Celebrating Olympism

The Olympic Games
The IOC has since being established taken responsibility for the Summer and Winter Olympic Games, each of which takes place quadrennially.
The Olympic Games are seen as the greatest opportunity for sport to bring the world together in an atmosphere of peace and harmony.
The Summer Olympic Games involves a minimum of 15 sporting disciplines with many countries hosting 18.
Since 1992 the IOC has engaged itself with the United Nations to establish an Olympic Truce in an attempt to encourage the world to desist from acts of aggression, including war, for the duration of the Games.
Over the years the Olympic Games have come to be recognized as the world’s most spectacular events with record viewers and participants.
The growth of the Modern Olympics has caused much concern and the IOC has placed stringent limits on the number of athletes and officials that can participate in each edition.
This was done by way of cutting costs and enabling more countries to bid for the rights to host the quadrennial events.
In the period after 11 September 2001 the host city has found itself with huge expenses as it attempts to ensure the security of the participants.

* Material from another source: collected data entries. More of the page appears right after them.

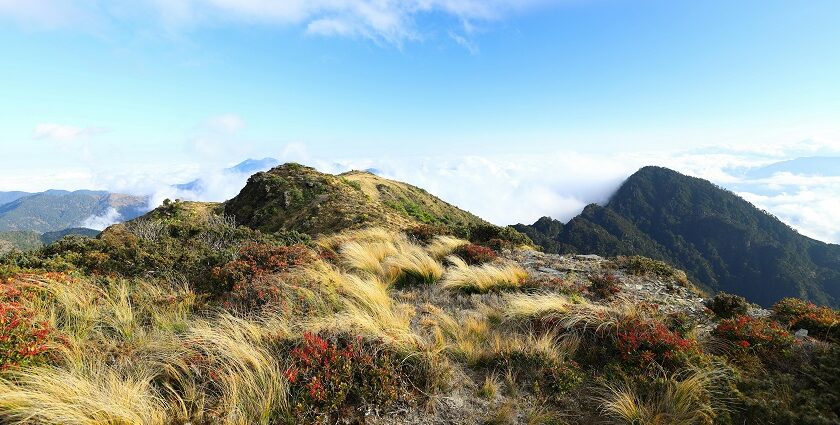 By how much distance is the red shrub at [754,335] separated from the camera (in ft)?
17.5

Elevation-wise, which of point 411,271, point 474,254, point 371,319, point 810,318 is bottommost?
point 810,318

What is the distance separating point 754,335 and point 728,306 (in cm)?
238

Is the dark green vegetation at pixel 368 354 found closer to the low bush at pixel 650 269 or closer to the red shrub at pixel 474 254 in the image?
the low bush at pixel 650 269

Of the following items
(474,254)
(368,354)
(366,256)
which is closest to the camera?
(368,354)

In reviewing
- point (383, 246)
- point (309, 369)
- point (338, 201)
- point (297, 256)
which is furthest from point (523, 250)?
point (338, 201)

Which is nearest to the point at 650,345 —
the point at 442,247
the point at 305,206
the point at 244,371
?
the point at 244,371

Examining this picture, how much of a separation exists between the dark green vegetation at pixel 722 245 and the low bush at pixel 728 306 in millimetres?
120073

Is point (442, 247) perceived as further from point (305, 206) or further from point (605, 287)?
point (305, 206)

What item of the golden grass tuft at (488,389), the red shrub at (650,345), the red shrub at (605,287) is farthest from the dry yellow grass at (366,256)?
the red shrub at (650,345)

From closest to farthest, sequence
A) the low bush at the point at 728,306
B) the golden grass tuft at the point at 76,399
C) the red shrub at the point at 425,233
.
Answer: the golden grass tuft at the point at 76,399 → the low bush at the point at 728,306 → the red shrub at the point at 425,233

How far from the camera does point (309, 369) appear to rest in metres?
4.28

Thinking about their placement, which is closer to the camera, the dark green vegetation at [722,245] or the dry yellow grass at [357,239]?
the dry yellow grass at [357,239]

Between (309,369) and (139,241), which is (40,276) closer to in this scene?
(139,241)

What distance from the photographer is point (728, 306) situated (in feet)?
24.6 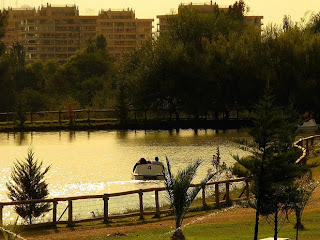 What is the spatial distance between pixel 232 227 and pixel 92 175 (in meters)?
22.7

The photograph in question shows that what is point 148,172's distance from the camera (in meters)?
50.4

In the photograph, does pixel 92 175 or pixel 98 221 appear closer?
pixel 98 221

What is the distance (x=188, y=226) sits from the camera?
1187 inches

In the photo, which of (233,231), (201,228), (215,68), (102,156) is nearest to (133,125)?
(215,68)

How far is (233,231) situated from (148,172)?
22.2m

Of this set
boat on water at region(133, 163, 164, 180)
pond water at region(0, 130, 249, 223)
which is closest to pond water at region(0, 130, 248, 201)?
pond water at region(0, 130, 249, 223)

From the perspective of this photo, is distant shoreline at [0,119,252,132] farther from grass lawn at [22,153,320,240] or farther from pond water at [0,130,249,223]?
grass lawn at [22,153,320,240]

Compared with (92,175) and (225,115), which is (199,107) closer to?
(225,115)

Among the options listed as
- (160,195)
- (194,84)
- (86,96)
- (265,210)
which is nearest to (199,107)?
(194,84)

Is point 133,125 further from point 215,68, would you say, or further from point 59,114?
point 215,68

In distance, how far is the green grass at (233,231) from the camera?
88.1 feet

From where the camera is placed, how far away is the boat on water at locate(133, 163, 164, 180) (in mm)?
50000

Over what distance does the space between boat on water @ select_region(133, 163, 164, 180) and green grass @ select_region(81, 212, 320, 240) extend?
1968 cm

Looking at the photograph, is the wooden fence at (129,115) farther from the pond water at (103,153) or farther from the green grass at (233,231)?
the green grass at (233,231)
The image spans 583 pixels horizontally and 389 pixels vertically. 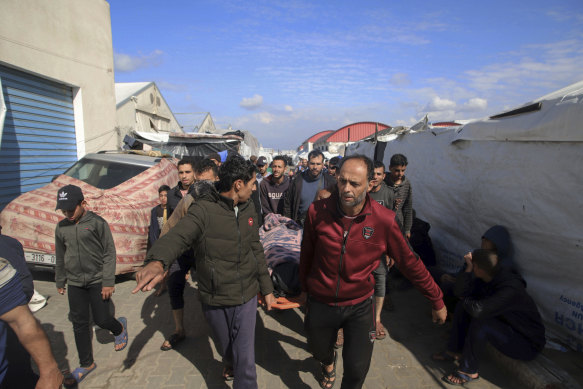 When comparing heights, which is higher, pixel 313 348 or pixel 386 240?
pixel 386 240

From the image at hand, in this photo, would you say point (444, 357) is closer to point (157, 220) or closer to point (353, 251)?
point (353, 251)

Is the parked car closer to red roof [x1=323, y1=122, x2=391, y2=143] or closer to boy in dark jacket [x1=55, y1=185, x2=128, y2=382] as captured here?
boy in dark jacket [x1=55, y1=185, x2=128, y2=382]

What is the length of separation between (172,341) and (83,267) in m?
1.30

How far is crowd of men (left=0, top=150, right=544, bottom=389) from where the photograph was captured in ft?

Despite the best efforts of the IOC to promote fair play the Olympic Games have been somewhat tainted on occasions by the number of athletes who have tested positive for the use of performance enhancing drugs. In response the IOC has led the charge in the war being waged to stamp out the use of drugs in sport by establishing the World Anti Doping Agency (WADA). The IOC has since been seeking the involvement of the governments around the world and of the respective International Federations (IF) as full partners in the WADA so that there could be a global fight against the use of performance enhancing drugs in sport.
The IOC has also been engaged in an ongoing struggle to end violence in sport as well as stamp out discrimination of every sort.